Todos os anos é a mesma história quando distribuo uma folha de papel pautado aos alunos e proponho escrever ao Pai Natal. Logo surgem braços no ar para reclamarem “civilizadamente” a sua vez de falar, gesto que me custou a introduzir na sala cerca de um mês e mesmo assim há quem queira ser excepção.

Sei porque metem o braço no ar mas primeiro têm que me ouvir e assim não autorizo a interrupção. E começo a falar do Pai Natal, que mora lá no fim do mundo, que tem a ajuda dos duendes, que pede a ajuda dos pais para distribuir os presentes…
Dou as orientações para escreverem a carta.

- Não peçam muitos presentes. Lembrem-se que cada vez mais há mais miúdos pobres que nunca tiveram um brinquedo e não podem ser todos para vocês. No fim do pedido não se esqueçam também de dizerem que gostam dele. Não é só pedir e toca a despachar. – digo eu.

Decido dar a palavra a quem, no início, estava tão aflito para falar. Metade dos braços tinham baixado. A pergunta veio. Eu sabia.

- Mas professora… o Pai Natal não existe. – diz o Bruno

Não lhe respondo. Dou a vez à Maria.

- Professora, vi na televisão que o Pai Natal tem uma máquina de parar o tempo.
- Pois! Agora que falas nisso é capaz de ser verdade. Por isso é que a hora de receber os presentes nunca mais chega. O tempo está parado. – digo eu.

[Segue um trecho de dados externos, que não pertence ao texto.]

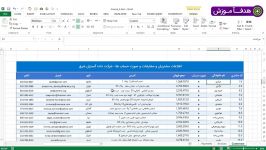 مجموعه آموزشی رابط کاربری پیشرفته در اکسل کدنویسی آن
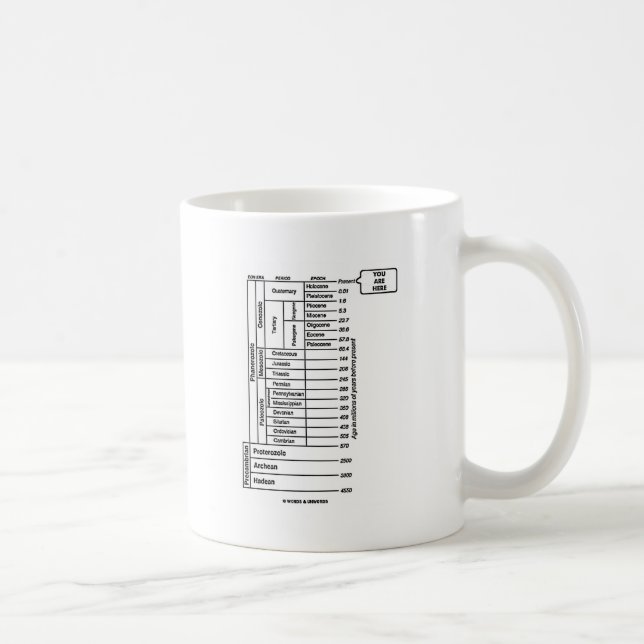 You Are Here (Geological Age Earth's History) Coffee Mug (Right)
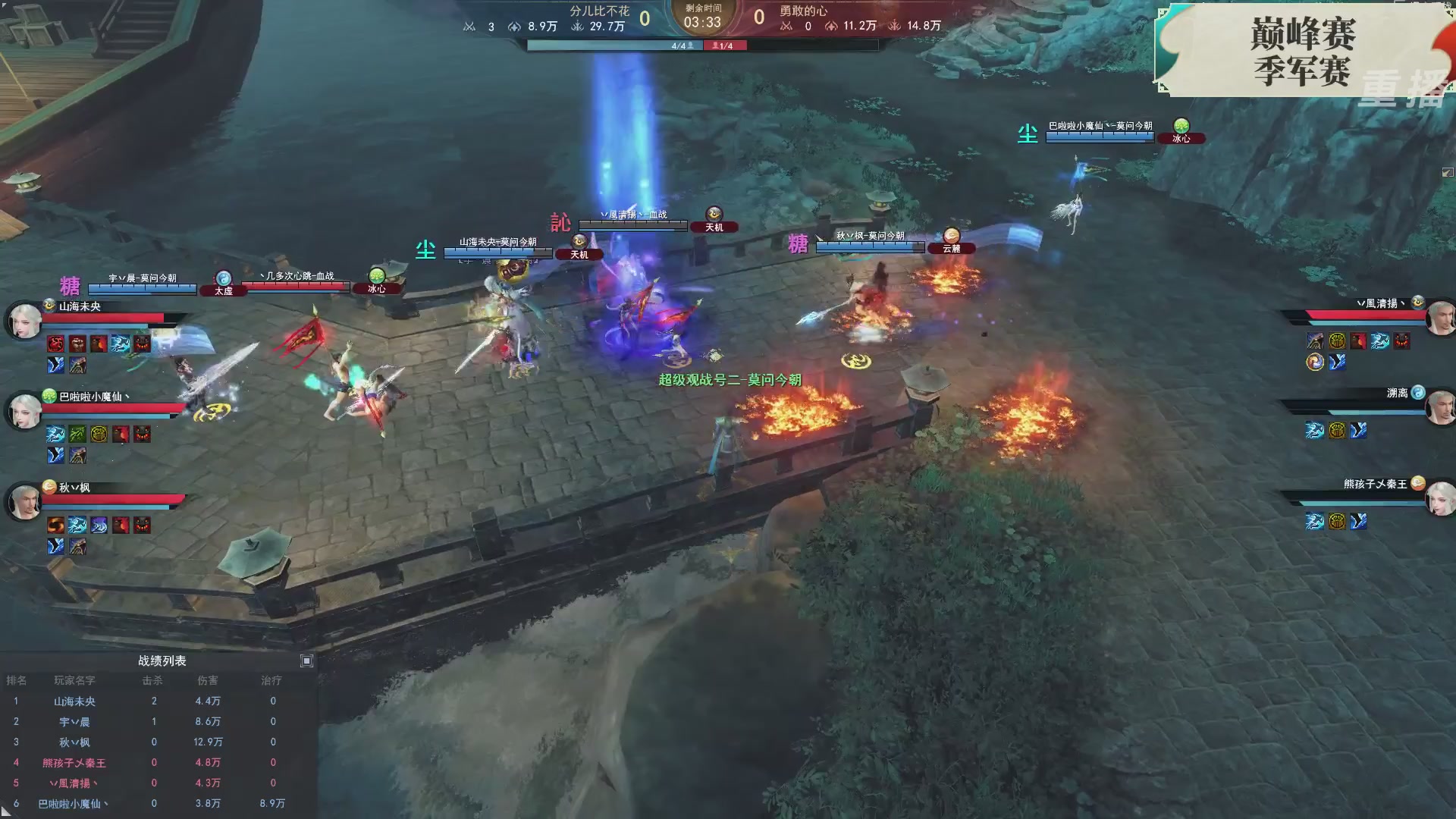 【重播】2026论剑天下4v4竞技赛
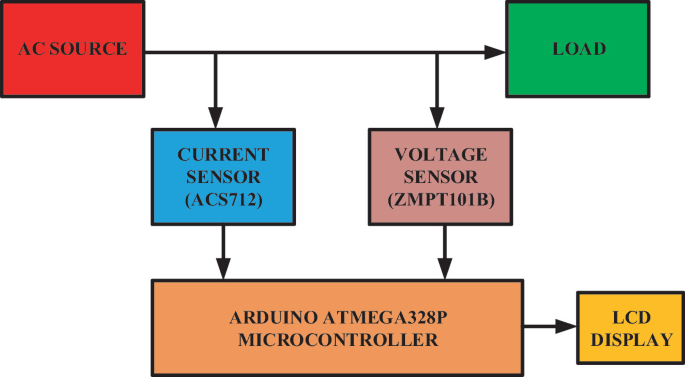 Harmonic Detection Using Microcontroller PDF, PDF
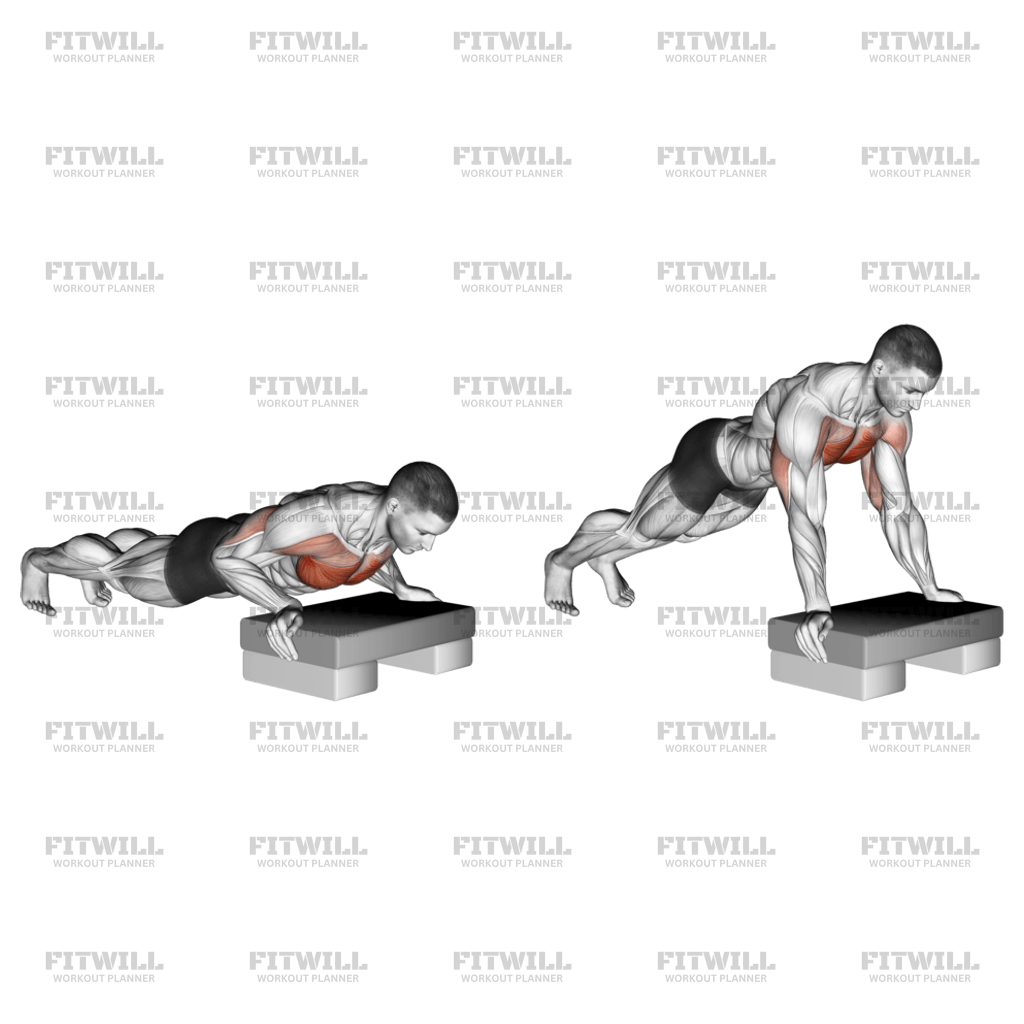 Incline Push up Exercise Guide Video Techniques Benefits How to Muscles Worked Tips Tricks Fitwill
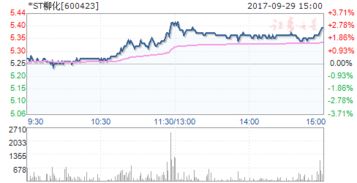 个股柳化股份（600423）这只股票行情怎么样啊？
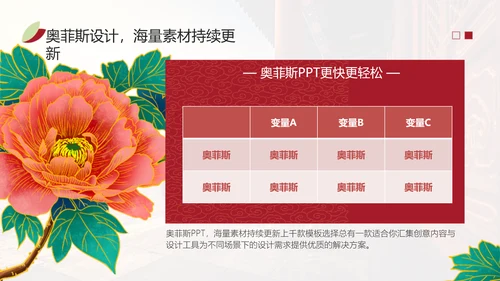 中国风国潮红色论文答辩PPT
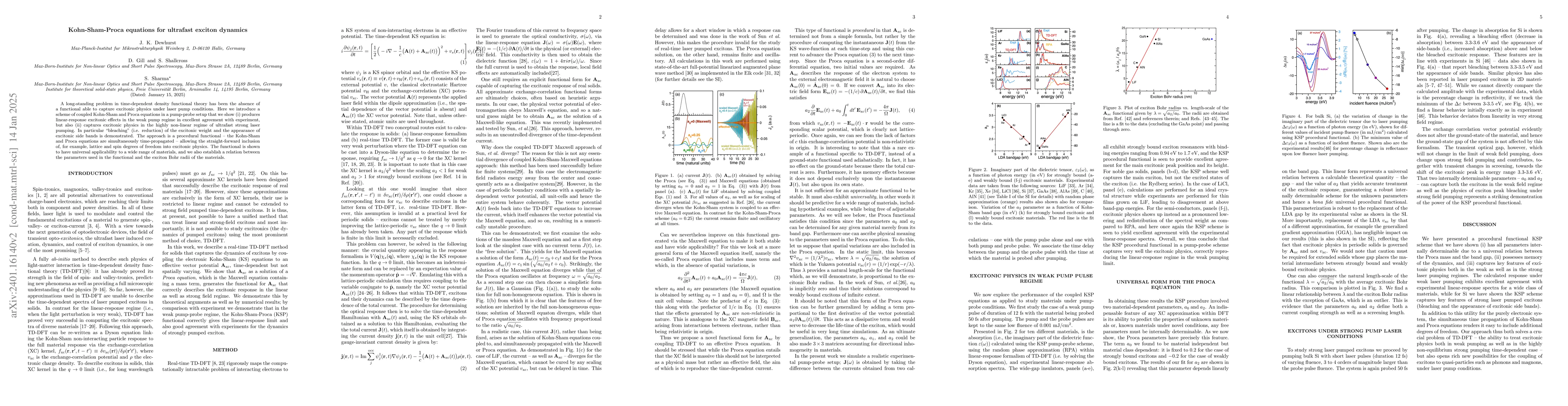 Thumbnail for Kohn-Sham-Proca equations for ultrafast exciton dynamics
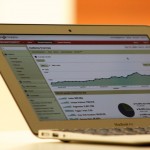 Google Analytics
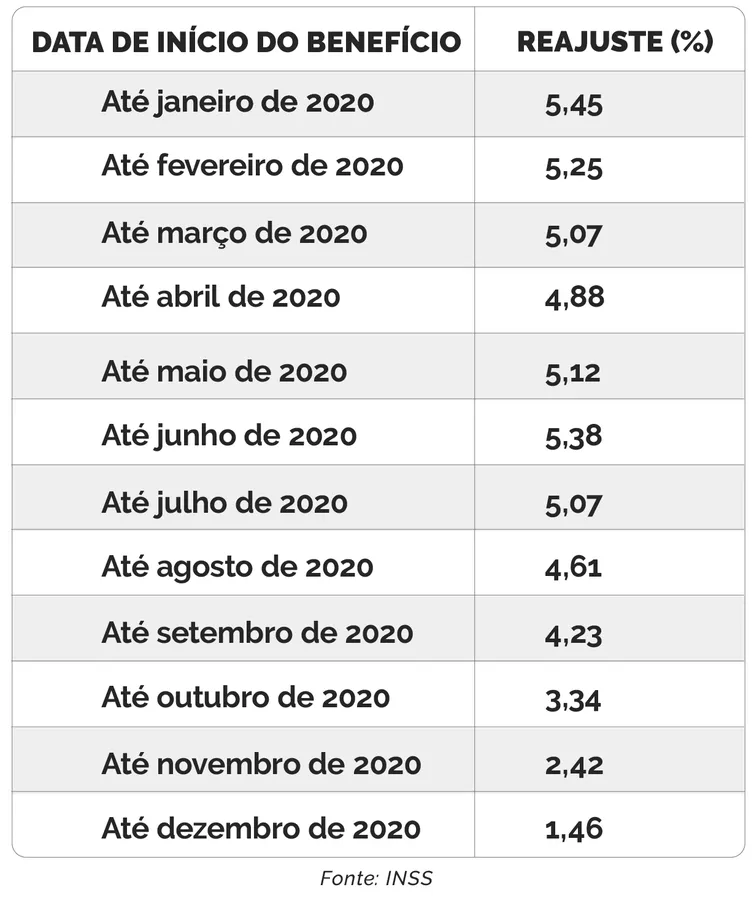 Benefícios do INSS têm reajuste de 5,45%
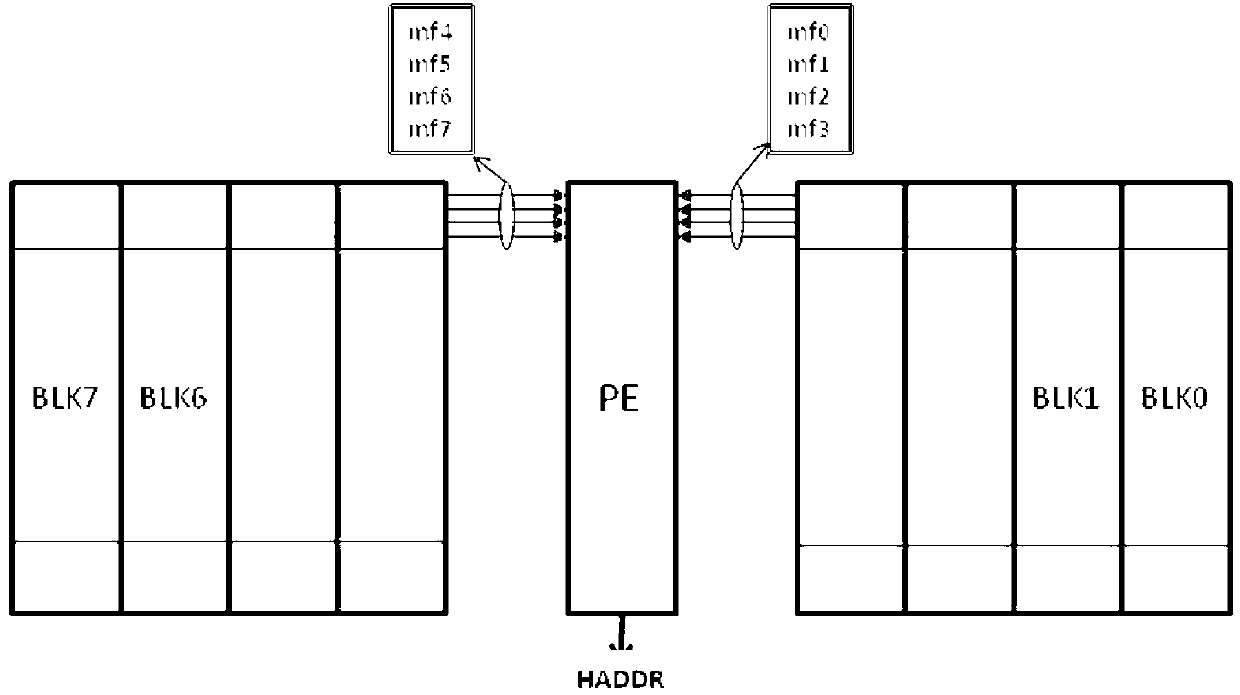 Priority coding method capable of supporting a plurality of search modes in comparison search chip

O Bruno quer falar outra vez.

- Sim… - e fico à espera de nova investida.
- Professora, só não percebo como é que as renas conseguem voar.
ufa! penso eu.

Eu sei que a escola mata no excesso da verdade absoluta. Mas eu não quero matar. Matar, só se for saudades, como diz Sérgio Godinho numa canção.
Quando somos adultos as coisas voam só na nossa cabeça porque o mundo já matou os voos fora dela. Mas na minha sala de aula tudo vai voar dentro e fora de todas as cabeças.

- As renas voam porque têm magia. – e pus no rosto o ar mais sério deste mundo.

Só na sala de aula encontramos gente capaz de entender cada significado que cada palavra possa ter. Não o significado , em si, da palavra, aquele e mais nada. Mas o outro significado, aquele que lhe queremos dar.